# YOUR TASK
Gather all lines with "Woman" from the records.
==*==
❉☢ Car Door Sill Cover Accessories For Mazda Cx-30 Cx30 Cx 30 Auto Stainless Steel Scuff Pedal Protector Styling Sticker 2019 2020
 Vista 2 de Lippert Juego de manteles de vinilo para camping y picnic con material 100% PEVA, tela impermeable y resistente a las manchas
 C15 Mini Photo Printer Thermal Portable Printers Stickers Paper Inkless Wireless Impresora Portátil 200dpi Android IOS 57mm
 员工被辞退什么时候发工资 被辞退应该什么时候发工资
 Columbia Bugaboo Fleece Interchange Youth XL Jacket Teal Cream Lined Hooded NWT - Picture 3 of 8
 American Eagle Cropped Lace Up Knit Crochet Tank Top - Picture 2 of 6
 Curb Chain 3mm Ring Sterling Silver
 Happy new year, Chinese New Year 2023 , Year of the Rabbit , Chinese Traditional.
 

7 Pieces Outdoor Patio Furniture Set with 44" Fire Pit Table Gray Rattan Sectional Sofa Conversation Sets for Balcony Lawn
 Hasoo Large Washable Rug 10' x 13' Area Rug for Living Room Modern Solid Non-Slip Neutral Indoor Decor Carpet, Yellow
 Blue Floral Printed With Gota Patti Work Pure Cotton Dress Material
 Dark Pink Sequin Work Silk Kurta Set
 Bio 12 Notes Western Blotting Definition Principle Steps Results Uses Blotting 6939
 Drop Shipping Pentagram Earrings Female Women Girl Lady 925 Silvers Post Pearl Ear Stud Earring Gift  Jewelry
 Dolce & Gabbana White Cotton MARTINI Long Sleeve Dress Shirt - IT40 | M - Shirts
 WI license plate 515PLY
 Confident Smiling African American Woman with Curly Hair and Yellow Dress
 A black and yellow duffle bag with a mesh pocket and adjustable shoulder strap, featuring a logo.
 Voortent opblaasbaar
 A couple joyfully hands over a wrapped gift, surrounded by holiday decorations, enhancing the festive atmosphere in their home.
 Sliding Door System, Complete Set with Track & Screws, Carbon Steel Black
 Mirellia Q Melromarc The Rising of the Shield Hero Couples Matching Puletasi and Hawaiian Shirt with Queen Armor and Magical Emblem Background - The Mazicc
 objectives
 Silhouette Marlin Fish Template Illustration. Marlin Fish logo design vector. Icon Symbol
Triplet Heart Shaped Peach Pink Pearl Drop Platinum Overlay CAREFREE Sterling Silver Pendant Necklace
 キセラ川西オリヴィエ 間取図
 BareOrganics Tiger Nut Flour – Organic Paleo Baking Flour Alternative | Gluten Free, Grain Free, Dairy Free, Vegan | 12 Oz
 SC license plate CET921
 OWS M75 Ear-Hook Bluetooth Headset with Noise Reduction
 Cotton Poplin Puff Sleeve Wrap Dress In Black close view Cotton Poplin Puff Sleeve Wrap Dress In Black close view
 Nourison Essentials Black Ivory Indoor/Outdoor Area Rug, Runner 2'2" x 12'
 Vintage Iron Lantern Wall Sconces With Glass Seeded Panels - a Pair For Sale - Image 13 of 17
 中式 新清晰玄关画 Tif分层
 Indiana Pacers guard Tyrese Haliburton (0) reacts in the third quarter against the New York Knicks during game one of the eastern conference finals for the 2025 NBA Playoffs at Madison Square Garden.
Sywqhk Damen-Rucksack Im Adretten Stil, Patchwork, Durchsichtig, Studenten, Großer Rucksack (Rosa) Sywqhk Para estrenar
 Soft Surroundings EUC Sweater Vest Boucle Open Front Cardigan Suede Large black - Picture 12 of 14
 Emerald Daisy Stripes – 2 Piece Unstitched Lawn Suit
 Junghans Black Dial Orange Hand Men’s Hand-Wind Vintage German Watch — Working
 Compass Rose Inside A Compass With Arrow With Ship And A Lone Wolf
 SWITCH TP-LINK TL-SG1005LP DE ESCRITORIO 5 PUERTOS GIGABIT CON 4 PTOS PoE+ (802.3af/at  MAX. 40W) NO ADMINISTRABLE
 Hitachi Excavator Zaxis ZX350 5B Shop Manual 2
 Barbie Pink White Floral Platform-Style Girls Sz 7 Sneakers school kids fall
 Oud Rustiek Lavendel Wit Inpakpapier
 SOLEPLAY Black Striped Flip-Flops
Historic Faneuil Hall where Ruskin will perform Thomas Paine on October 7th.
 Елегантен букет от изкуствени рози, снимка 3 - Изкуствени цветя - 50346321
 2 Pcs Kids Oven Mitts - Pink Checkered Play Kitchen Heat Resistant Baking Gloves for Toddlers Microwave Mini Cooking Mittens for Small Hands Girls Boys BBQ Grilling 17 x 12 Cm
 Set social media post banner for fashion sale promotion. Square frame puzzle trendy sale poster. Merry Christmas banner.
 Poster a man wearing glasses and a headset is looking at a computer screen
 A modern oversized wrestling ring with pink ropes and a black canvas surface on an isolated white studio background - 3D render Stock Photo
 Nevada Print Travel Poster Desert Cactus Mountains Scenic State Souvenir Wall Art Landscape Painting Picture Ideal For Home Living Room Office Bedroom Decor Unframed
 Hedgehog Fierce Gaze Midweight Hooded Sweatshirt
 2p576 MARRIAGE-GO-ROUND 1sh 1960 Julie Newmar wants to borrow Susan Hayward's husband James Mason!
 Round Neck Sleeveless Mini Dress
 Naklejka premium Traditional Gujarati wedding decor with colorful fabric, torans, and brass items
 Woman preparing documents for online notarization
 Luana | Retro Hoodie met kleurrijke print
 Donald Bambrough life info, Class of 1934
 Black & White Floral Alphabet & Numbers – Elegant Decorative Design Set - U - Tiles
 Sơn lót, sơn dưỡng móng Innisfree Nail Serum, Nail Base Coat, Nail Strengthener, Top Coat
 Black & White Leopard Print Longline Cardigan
==*==
# ANSWER
 Confident Smiling African American Woman with Curly Hair and Yellow Dress
 Woman preparing documents for online notarization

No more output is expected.